With one or two bona fide critical and independent print media outlets remaining in the country of 85 million populations Feteh and Addis Admass wrote about the issue. –as usual it seems the later takes a frame that does not brazen out with the government. In contrast, The Reporter’s coverage of the issue tried to be wide-ranging with a negative side of homosexuality out weighing the negative ones; one can read the articles in the local press (for example here ).

Personally, I find falling in a tricky trap of denouncing or approving homosexuality in Ethiopia is ludicrous as we have much more serious and wider issues at our hand to discuss about such as freedom of expression.
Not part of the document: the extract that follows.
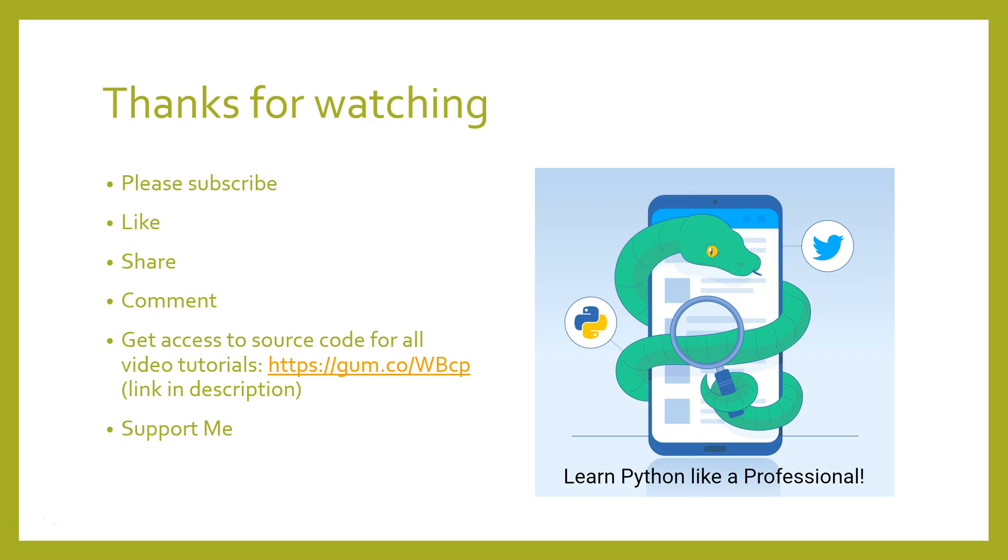I hope you enjoyed this video. Thanks for watching, please subscribe, hit the like button if you like the video, share the video, comment, and also visit the source code page for all the video tutorials to help support me. Thank you guys for watching and see you in the next video. Bye guys.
One particular quote worth mentioning to trivialize the hot issue of the media is Kiflu Hussein’s Facebook updates on the issue : Though, it’s difficult to embrace the universality & indivisibility of human rights including gay rights for many people who consider themselves liberal, thanks to the unknown reason, I have also accepted the rights of gays. So my problem doesn’t stem from Meles & Co. allowing a gay rights meeting in Ethiopia. Because I know that Meles uses any cheap trickery to ingratiate himself with the so-called international community, while deploying snipers to gun down even babies, he hosts a gay rights meeting. And the West that still discriminates using different facades such as discriminating against HIV positive people shed a crocodile tear for African gays with the worst bloody despot.

Global voices author Markos Lemma has also revised the context in which many Ethiopian online community is arguing on the matter

2 thoughts on “Ethiopia’s press & the online community in catch-22 about homosexuality, freedom of expression and beyond.

  1. In the absence of any conclusive scientific evidence for homosexuality as a true natural phenomena, legalizing homosexuality, as to me, is too hasty evasion of culture. yes, I agree that people should have the freedom of expressing and practicing their right. But, as many people working on human right areas tell us, certain rights are inherently contradictory to each other. One can, for instance take the case of the Danish cartoonist and the case of Islam. When sketching those cartoons, the Danish cartoonist was using his freedom of expression. He has the right to criticizing any entity and he used it and blamed the founder Islam. Questioning, let alone criticizing , the founder of Islam is considered a heresy in Islam. According to the latter, the cartoonist must be punished; and as a result, its followers requested so.
    This means that , the two rights are conflicting to each other, inherently.
    The same can be said to the homosexuality case in Ethiopia. Practicing homosexuality could be the right for the individual to decide. But, there is another aspect that we need to consider. UN has already endorsed an article on respecting and keeping indigenous cultures. If Ethiopian culture prohibits homosexuality, as to me, the present Ethiopians have the right to ban it. So far the best of science is unable to prove its biological roots. Hence, I can dare to say that homosexuality is just Western culture. We can ban it, and, I think we should at least until the society transform itself to absorb it naturally.